Wie was Andries of Dries Riphagen, de man die in de jaren dertig binnen de Amsterdamse penoze bekend stond als ‘Al Capone’? Het leek er lang op dat hij anoniem zou wegzakken uit het collectief geheugen, maar een boek van de journalisten Bart Middelburg en René ter Steege voorkwam dat. Riphagen was, zoals zij schreven: ‘… een louter door antisemitisme en winstbejag gedreven souteneur, die zijn kans greep toen de Duitsers begonnen met de deportatie van de joden naar de vernietigingskampen. Als Angestellte van meerdere Duitse instanties roofde Riphagen in de oorlog een fortuin aan Joods bezit bij elkaar (…). Volgends schattingen heeft hij zeker tweehonderd mensen de dood ingejaagd.’ Wat Middelburg en Ter Steege ook duidelijk maken is dat Riphagen schokkend genoeg hulp kreeg van de Nederlandse veiligheidsdienst om naar het buitenland te vluchten. Hij sterft in 1973 zonder ooit te zijn gestraft.

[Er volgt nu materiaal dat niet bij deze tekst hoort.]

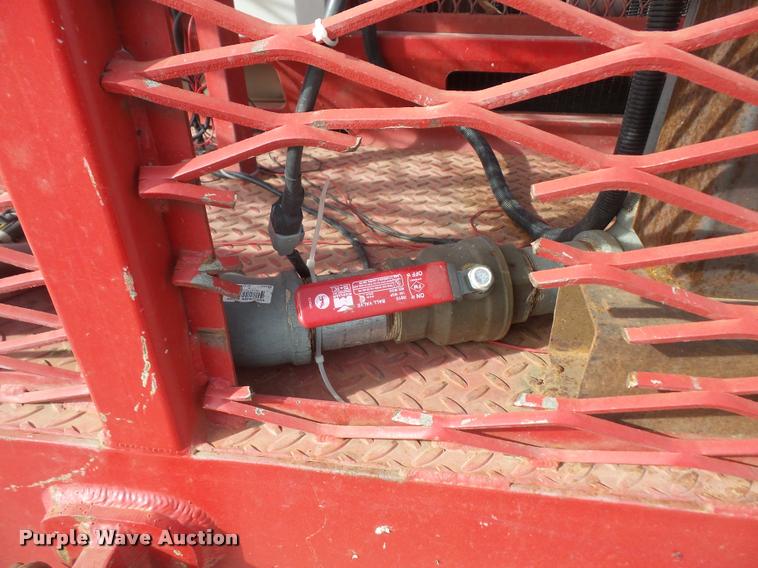 image for item DB0736 1981 Ford F700 fire truck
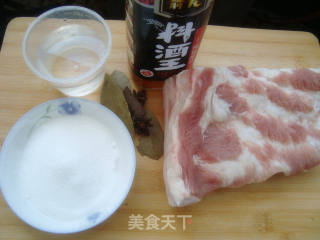 不用酱油的红烧肉-----【湘菜】毛氏红烧肉的做法步骤：1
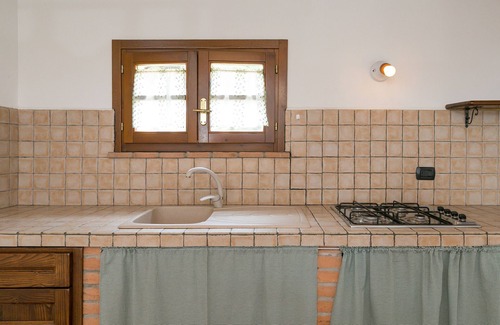 Piombino Apartment | Apartment 'Cedro' with Shared Pool, Wi-Fi and Air Conditioning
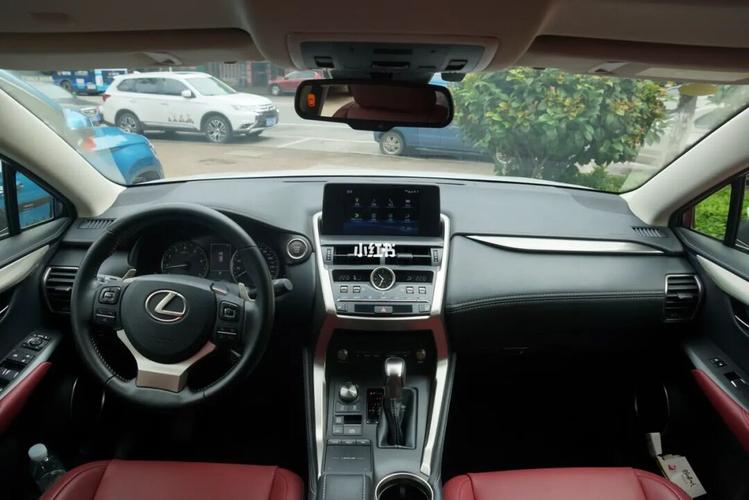 雷克萨斯nx200,超级适合女生开的车!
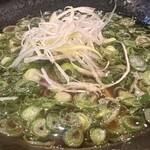 利尻らーめん味楽 - もっと葱が山盛りでも良いなぁ。。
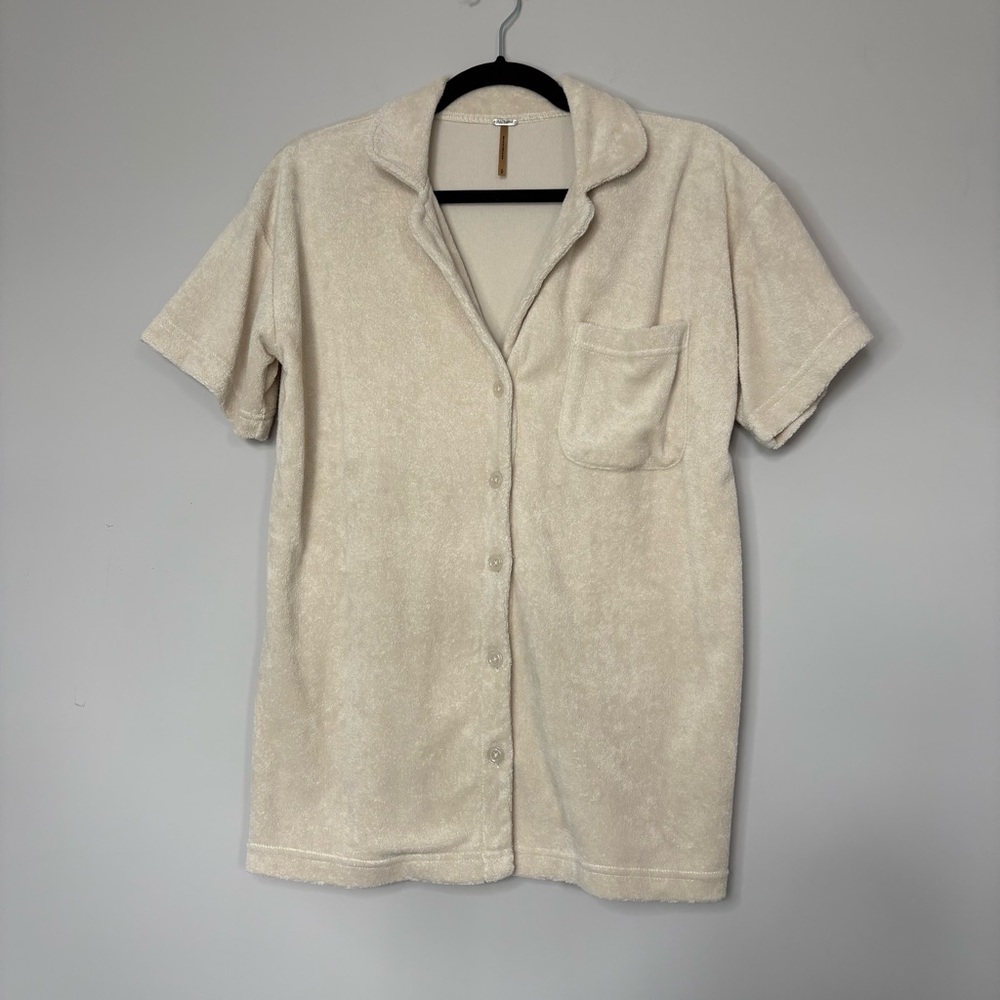 Harlow Beige Button Down Terry Short Sleeve Shirt Size S Gender Free Comfortable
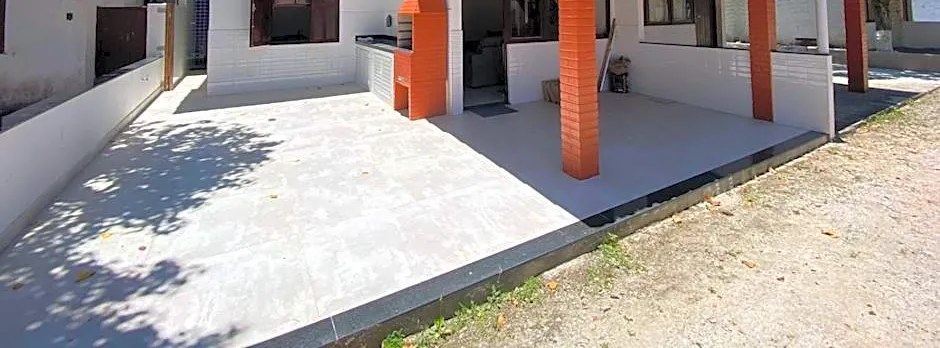 Casa Aconchegante à Beira Mar com estacionamento.
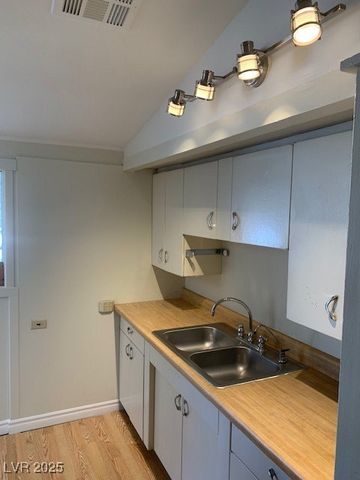 5609 EVERGREEN Avenue, Las Vegas, NV 89107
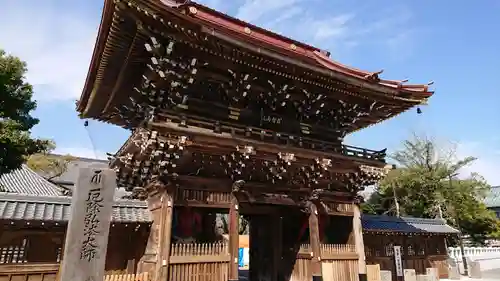 西新井大師総持寺の山門・神門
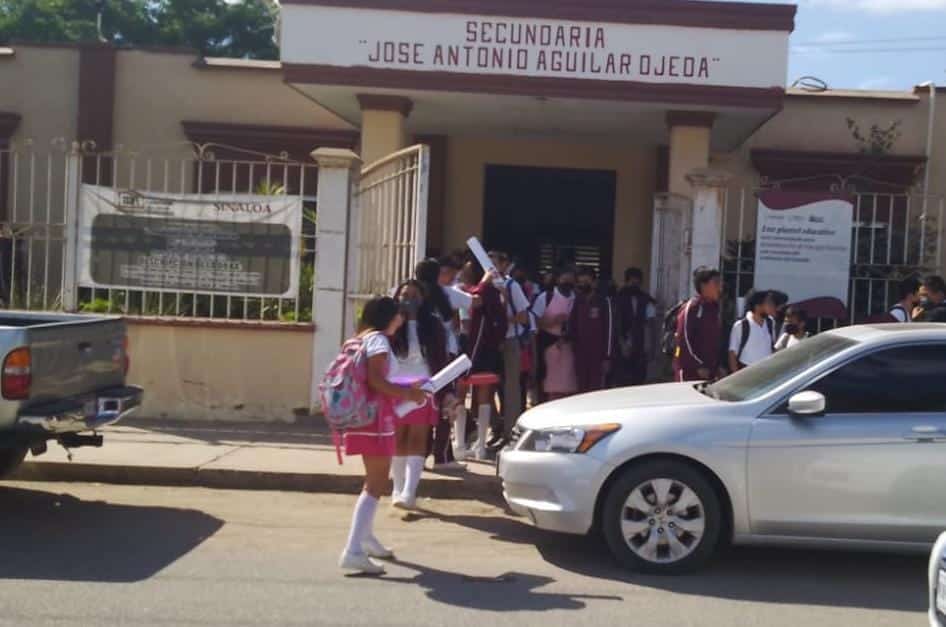 Con el manual de convivencia, secundaria de Tamazula debe resolver “batallas campales”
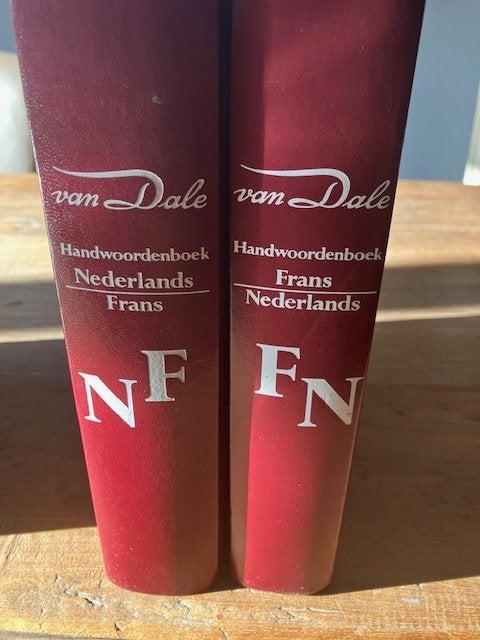 Woordenboeken NL-FR en FR-NL, Livres, Van Dale, Comme neuf, Enlèvement, Français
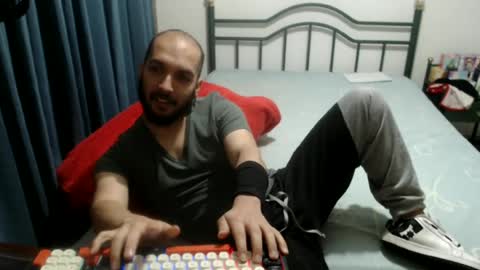 iwanturarse online show from June 29, 5:03 am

Kuijpers leest het boek als het in de jaren ‘90 uitkomt en weet onmiddellijk dat hij er een film over wil maken. “Het zette alles op de kop wat ik in mijn jeugd had geleerd. Het beeld van de oorlog dat wij kregen voorgespiegeld was heel helder: Nederlanders waren goed, Duitsers fout, de joden werden helaas het slachtoffer, maar we hadden in het verzet gezeten en waren allemaal helden. Ik zag door het boek pas dat het allemaal veel schimmiger en ontluisterender was geweest. En dan het gegeven dat een Amsterdamse crimineel en opportunist heel rijk was geworden door collaboratie… Hoewel ik destijds nauwelijks was begonnen in dit vak, heb ik Bart Middelburg gebeld en gezegd: ‘Ik wil dit verfilmen’. ‘Is goed. Wanneer begin je?’ zei hij.”

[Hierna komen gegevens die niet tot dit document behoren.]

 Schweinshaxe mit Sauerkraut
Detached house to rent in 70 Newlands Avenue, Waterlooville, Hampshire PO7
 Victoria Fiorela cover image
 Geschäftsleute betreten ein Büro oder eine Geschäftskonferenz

Dat zou nog wel even duren. Ruim twintig jaar. Er komt vaart in als Kuijpers ontdekt dat ook de acteur Jeroen van Koningsbrugge, met wie hij in een ander project samenwerkt, is gegrepen door het verhaal. “Vanaf dat moment, zo’n acht jaar geleden, zijn we samen gaan optrekken om het voor elkaar te krijgen en zijn we naar de VPRO gestapt voor de driedelige tv-serie, die er ook komt.”
Afschuwelijke man
Het schrijven van een script op basis van het boek is niet makkelijk. Ten eerste heeft Middelburg een zakelijk non-fictiewerk geschreven dat Riphagens hele levensloop beslaat en min of meer chronologisch zijn wandaden beschrijft. Het is dus allesbehalve een dramatisch opgebouwd verhaal.
En nog ingewikkelder: Riphagen komt uit het boek naar voren als iemand zonder scrupules, een totale opportunist. Hoe zorg je dat bioscoopbezoekers willen meeleven met het verhaal van deze afschuwelijke man?
Kuijpers komt er niet uit. Hij roept de hulp in van scenarist Frank Ketelaar en samen reizen ze naar Mallorca, waar Riphagens zoon Rob en diens vrouw wonen. Het levert veel nieuwe informatie op. “Rob is een geweldige man, de tegenpool van zijn vader. Bij Philips was hij hoofd internationale marketing.”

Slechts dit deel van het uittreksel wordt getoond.